Thermal analysis is necessary to estimate the limit of the recording density. We have made a start to solve heat conduction equations based on the calculated absorption distributions. The heat generated in phase-change nanoparticle tended to propagate to metal layers in the –Y direction. It means that the thermal cross-write would be close to the cross-write by absorption. In the near future, the limit of the recording density will be discussed based on the thermal calculated results.

In reproduction for 1.12 Tb/inch² medium at WD = 12 nm, the reflectance of R was calculated to be 9.89, 9.77, 9.20 and 9.05% for the four kinds of media, respectively. The reflectance differences of ΔR₁ and ΔR₂ were 0.12% and 0.15%, respectively. When WD = 6 nm, ΔR₁ and ΔR₂ were 0.18% and 0.22%, respectively. In reproduction for 2.91 Tb/inch² medium, R was calculated to be 10.03, 9.98, 9.30 and 9.22%, respectively. And ΔR₁ and ΔR₂ were 0.05% and 0.08%, respectively. When WD = 6 nm, ΔR₁ and ΔR₂ were 0.08% and 0.13%, respectively. These results showed that ΔR₁ and ΔR₂ decreased with the increase of recording density and can be increased by the reduction of WD. By the increase of NA for focus and detection and further optimization of parameters in high-density models, ΔR₁ and ΔR₂ would be improved.
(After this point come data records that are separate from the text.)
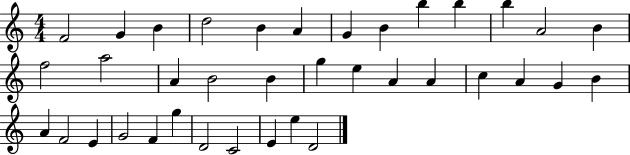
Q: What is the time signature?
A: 4/4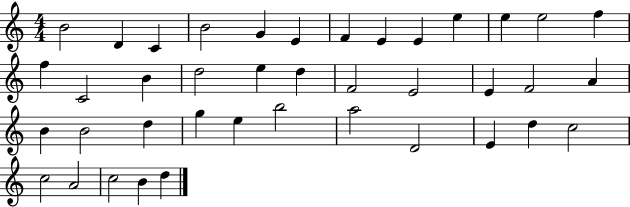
B4/h D4/q C4/q B4/h G4/q E4/q F4/q E4/q E4/q E5/q E5/q E5/h F5/q F5/q C4/h B4/q D5/h E5/q D5/q F4/h E4/h E4/q F4/h A4/q B4/q B4/h D5/q G5/q E5/q B5/h A5/h D4/h E4/q D5/q C5/h C5/h A4/h C5/h B4/q D5/q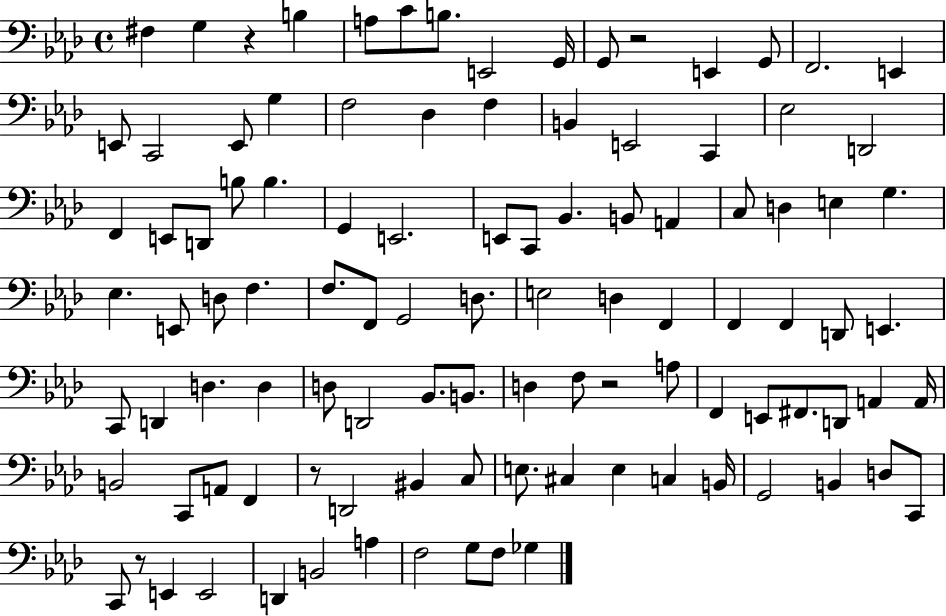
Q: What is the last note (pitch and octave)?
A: Gb3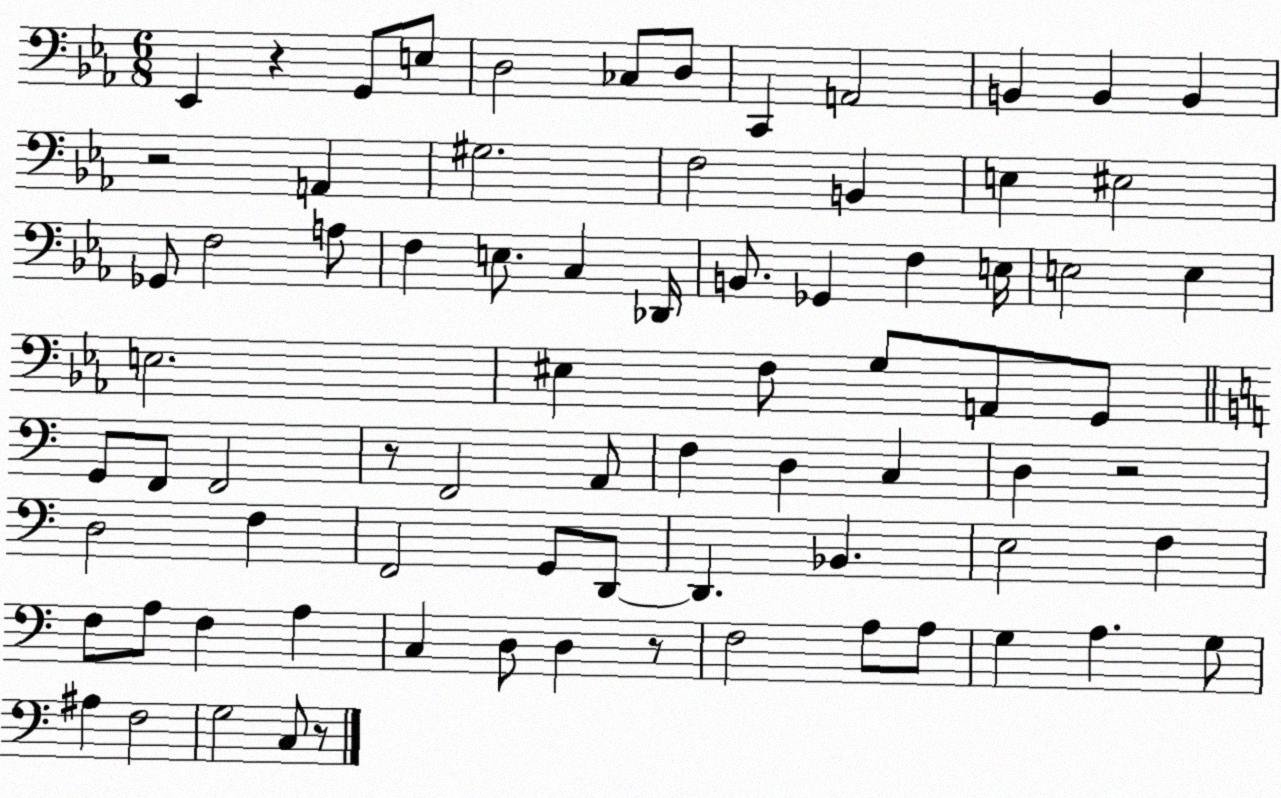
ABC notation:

X:1
T:Untitled
M:6/8
L:1/4
K:Eb
_E,, z G,,/2 E,/2 D,2 _C,/2 D,/2 C,, A,,2 B,, B,, B,, z2 A,, ^G,2 F,2 B,, E, ^E,2 _G,,/2 F,2 A,/2 F, E,/2 C, _D,,/4 B,,/2 _G,, F, E,/4 E,2 E, E,2 ^E, F,/2 G,/2 A,,/2 G,,/2 G,,/2 F,,/2 F,,2 z/2 F,,2 A,,/2 F, D, C, D, z2 D,2 F, F,,2 G,,/2 D,,/2 D,, _B,, E,2 F, F,/2 A,/2 F, A, C, D,/2 D, z/2 F,2 A,/2 A,/2 G, A, G,/2 ^A, F,2 G,2 C,/2 z/2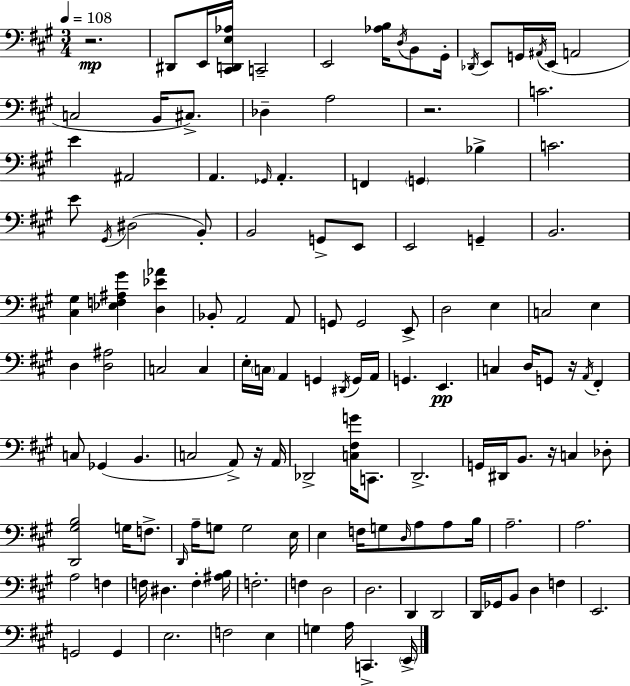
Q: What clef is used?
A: bass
Reflectance difference (equivalent to ΔR₁) for 2 T mark (minimum mark length is 112 nm) in a practical system of BD-RE XL is calculated to be 0.3%. In order to estimate the limit of ΔR₁ and ΔR₂ in reproduction for a practical system, the various experimental evaluations are necessary including noise reduction method suitable for our system. This is a future research to be solved.

4. Conclusion

High density optical memory system with a metallic nanoantenna and phase-change nanoparticle medium was proposed. Performances of recording and reproduction were examined in the same setup of which the parameters were optimized by using FDTD method. It was demonstrated that a combination of a nanoantenna with such a medium so as to enhance plasmonic resonance enabled effective near-field recording with ~10 times larger WD than for a conventional medium with phase-change thin film. A reproduction method of detecting the intensity of the reflected light from the nanoantenna was also proposed. For a crystalline nanoparticle, plasmonic resonance induced in the nanoantenna was enhanced and the intensity of reflected light was also increased. Calculated results showed that our proposed system and methods for recording and reproduction would have a potential for terabyte-class optical memory system.

The research on phase-change nanoparticles has started and their fabrication process and experimental crystallization properties were reported [7]. As the next step, we will approach the experimental examination of a basic operation in the proposed optical memory.